Dieses gewährleistet Kenntnisse über die Funktionsweise
und Erkrankungen des menschlichen Körpers. Die gelernte Indikation
erfolgte hier überwiegend mit Medikamenten. Im Anschluss an
sein Medizinstudiums folgt die Facharztausbildung zum Psychiater.

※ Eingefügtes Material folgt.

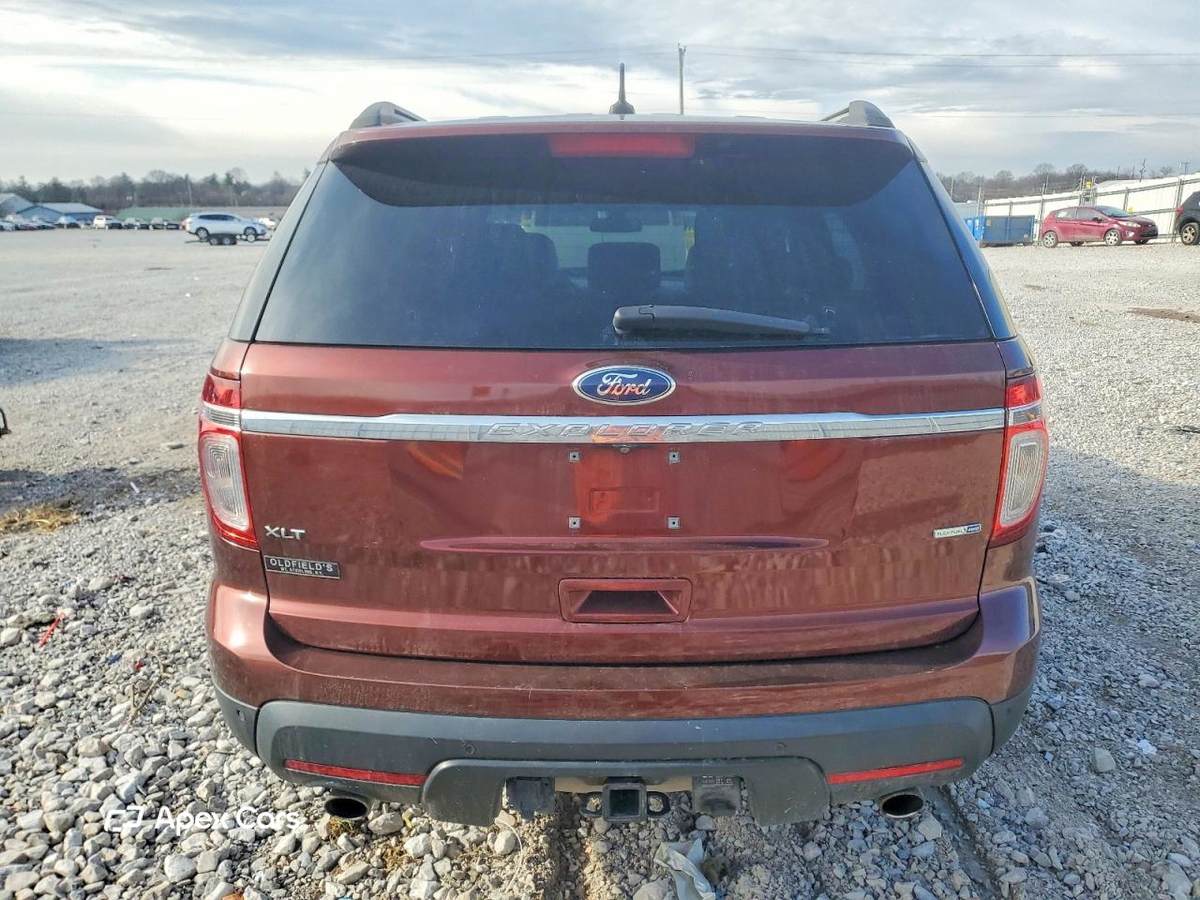 Ford Explorer 2015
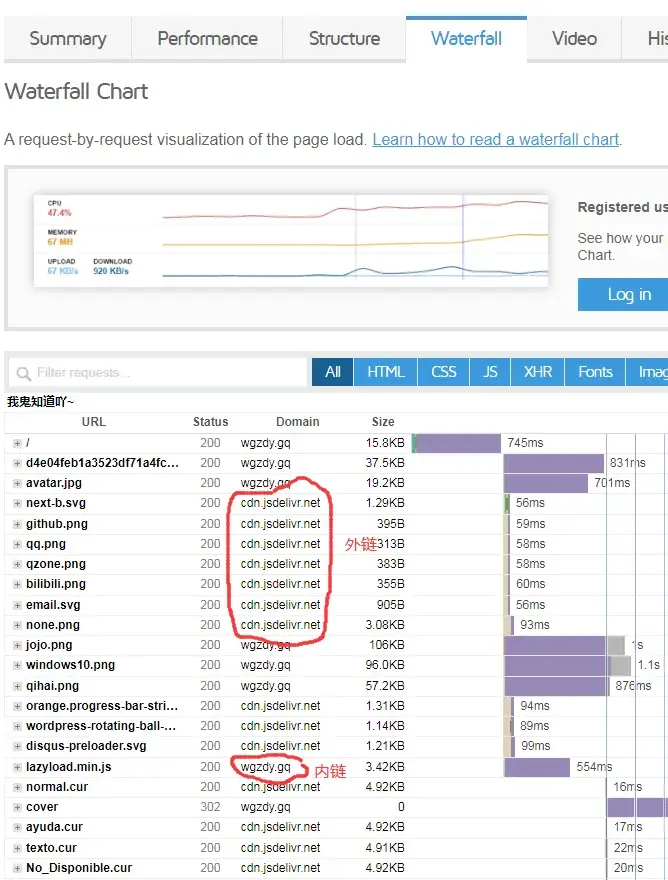 使用WP-Rocket加速你的网站插图8 使用WP-Rocket加速你的网站插图8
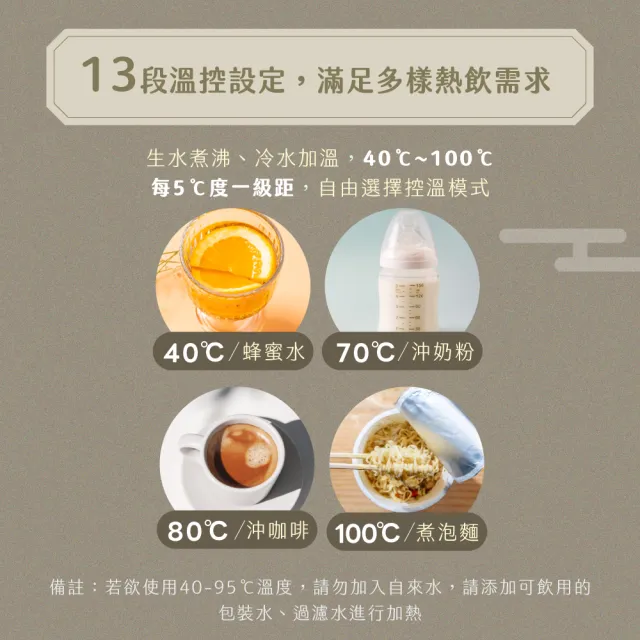 【KINYO】380ML溫控寬電壓快煮杯 保溫杯 電熱水杯 燒水杯 加熱杯(國際電壓100-240V KIHP-2260W)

Diese Ausbildung vermittelt Spezialkenntnisse über Krankheiten
des Geistes und der Seele. Dazu werden Kenntnisse erworben, die
ihn die Lage versetzen solche Krankheiten erkennen und behandeln
zu können. Die Behandlung erfolgt überwiegend mit Medikamenten
(sog. Psychopharmaka). Der Weg zur Behandlungsberechtigung von Patienten
der Psychotherapie ist durch eine psychotherapeutische Zusatzausbildung
sicherzustellen. Mit dieser Qualifikation kann der Psychiater (oder
ein anderer Arzt) die Psychotherapie ausüben und ist damit
berechtigt neben der Facharztbezeichnung den Zusatz "Psychotherapie"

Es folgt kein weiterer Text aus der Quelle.